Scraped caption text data
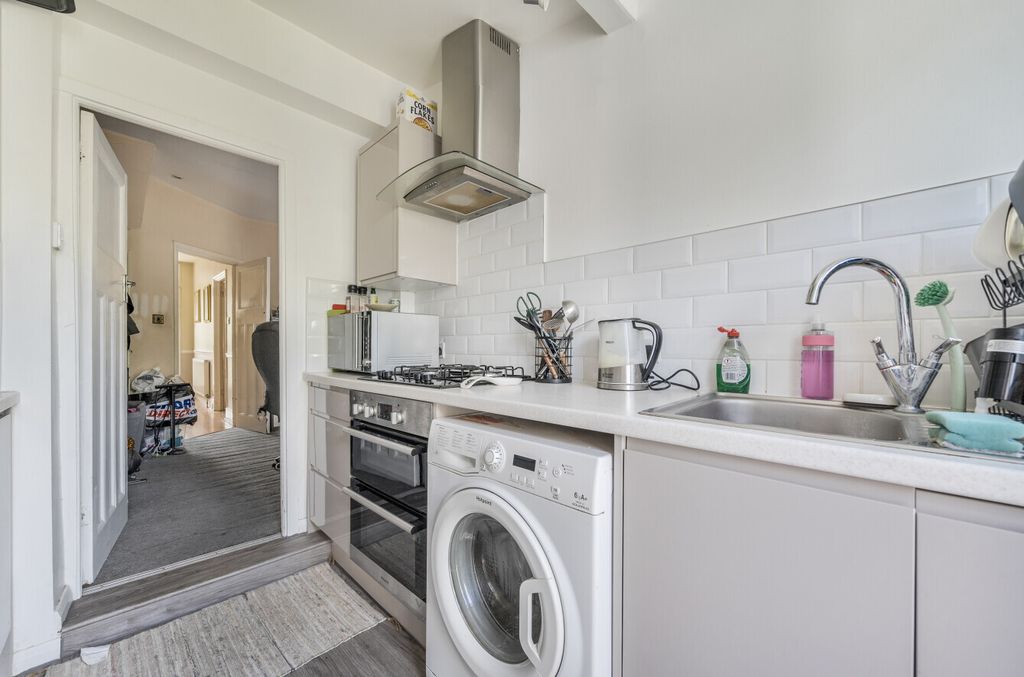 Property photo 2 of 15 Picture No. 14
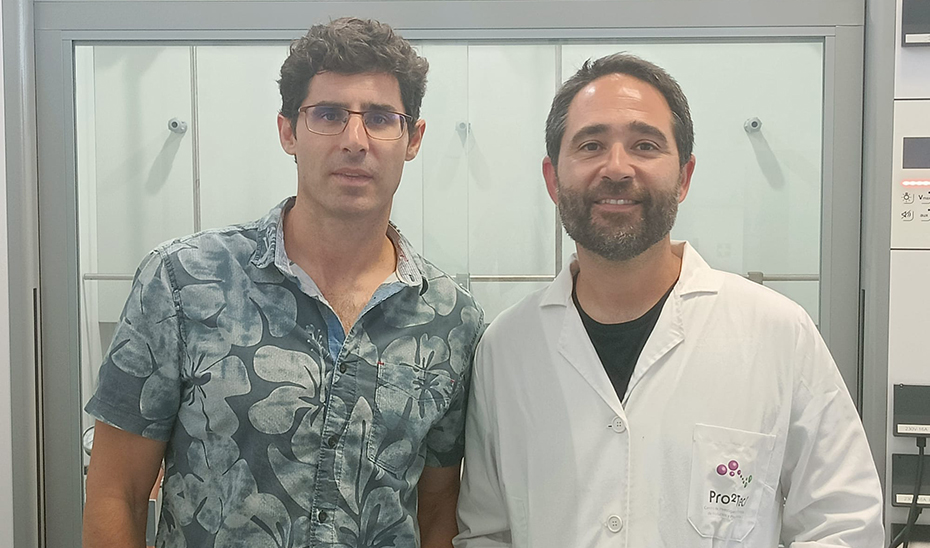 USO EDITORIAL / José Enrique Martín Alfonso (izquierda) y Manuel Trejo Cáceres (derecha), profesor e investigador, respectivamente, de la Universidad de Huelva.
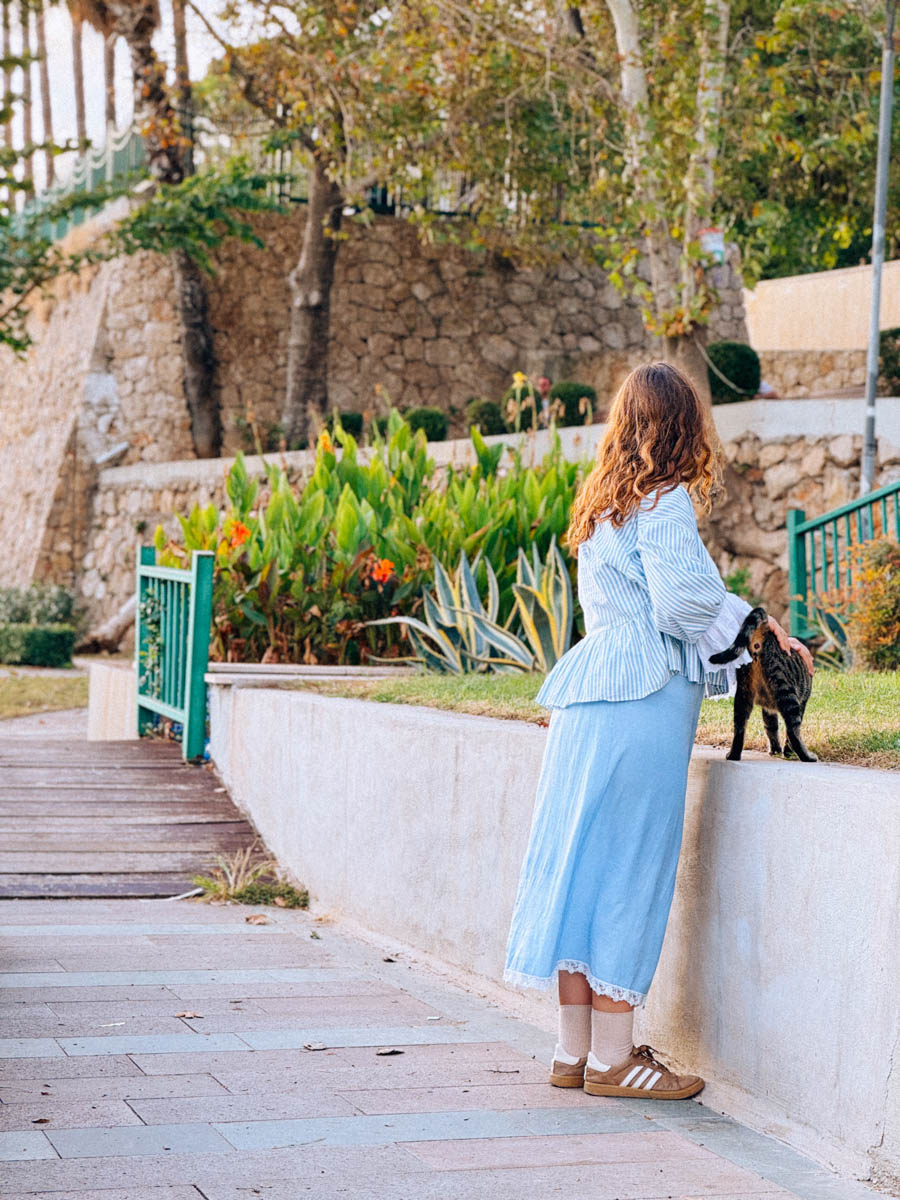 Одной из самых известных туристических точек на карте Турции, без сомнений, является Анталья! Все местные пляжи усеяны многоэтажными отелями, но за ними скрывается совсем иная сторона города. О ней «Ключ-Медиа» рассказала фотограф из Владимира Дарья Воронкова, которая отправилась в страну курортов с мужем далеко не греться под солнцем!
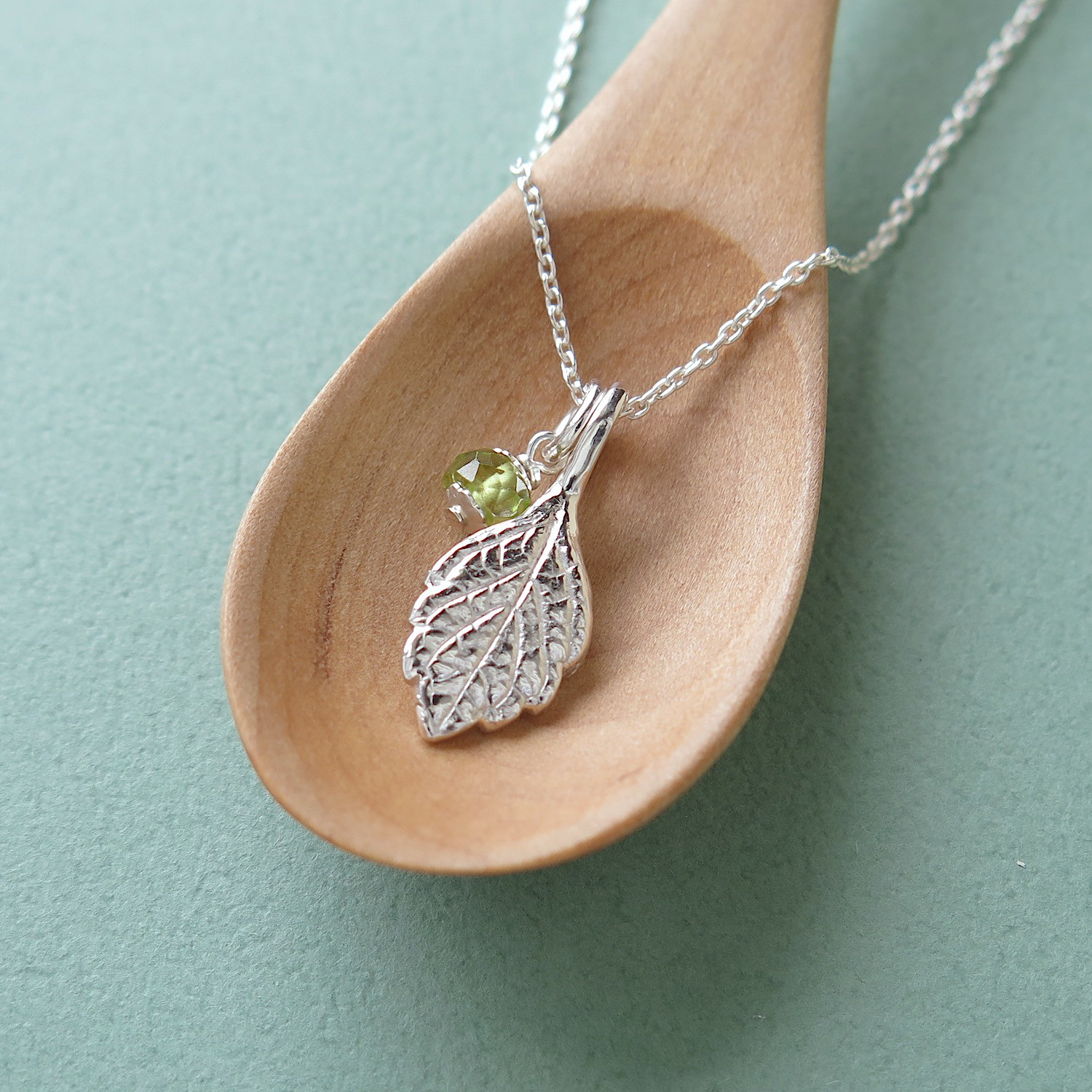 [999 Silver] レモンバームの小さなリーフペンダント, ペリドット, チェーン, miniシルバーケアセット付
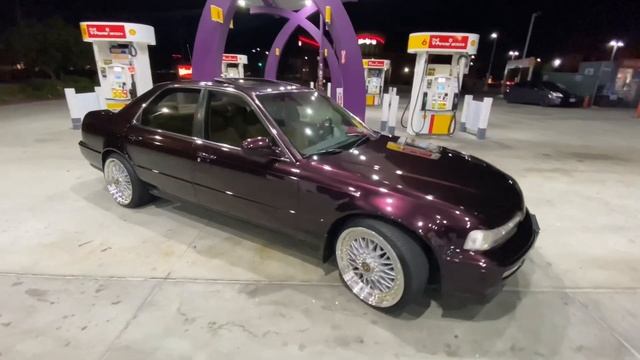 MY ACURA LEGEND ON BBS’ UNDER GAS STATION LIGHTS смотреть онлайн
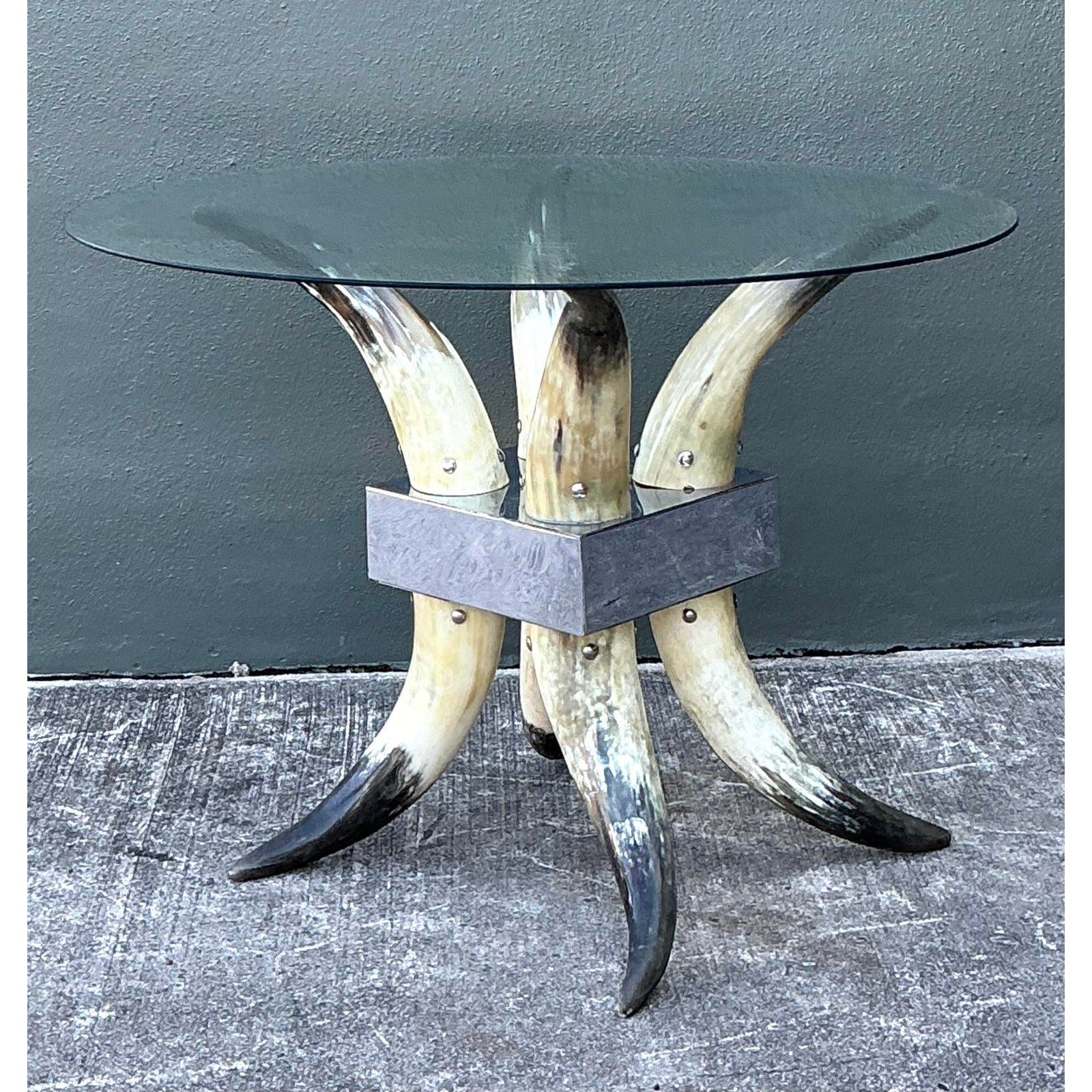 Vintage Steer Horn Table Pedestal - Detail view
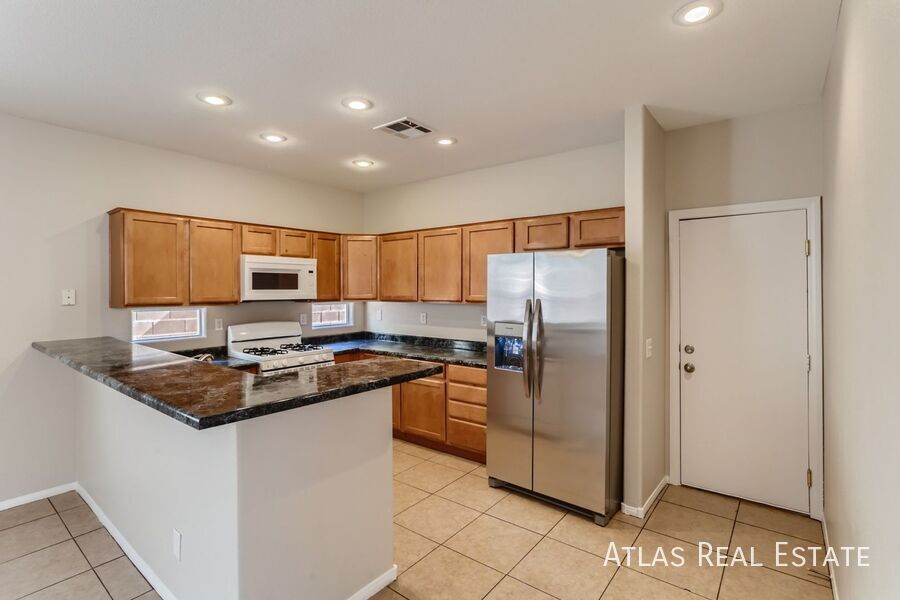 Building Photo - 10549 Lessona St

Exercise:
Write every entry out again exactly, dropping the pictures.

Written answer:
 Property photo 2 of 15 Picture No. 14
 USO EDITORIAL / José Enrique Martín Alfonso (izquierda) y Manuel Trejo Cáceres (derecha), profesor e investigador, respectivamente, de la Universidad de Huelva.
 Одной из самых известных туристических точек на карте Турции, без сомнений, является Анталья! Все местные пляжи усеяны многоэтажными отелями, но за ними скрывается совсем иная сторона города. О ней «Ключ-Медиа» рассказала фотограф из Владимира Дарья Воронкова, которая отправилась в страну курортов с мужем далеко не греться под солнцем!
 [999 Silver] レモンバームの小さなリーフペンダント, ペリドット, チェーン, miniシルバーケアセット付
 MY ACURA LEGEND ON BBS’ UNDER GAS STATION LIGHTS смотреть онлайн
 Vintage Steer Horn Table Pedestal - Detail view
 Building Photo - 10549 Lessona St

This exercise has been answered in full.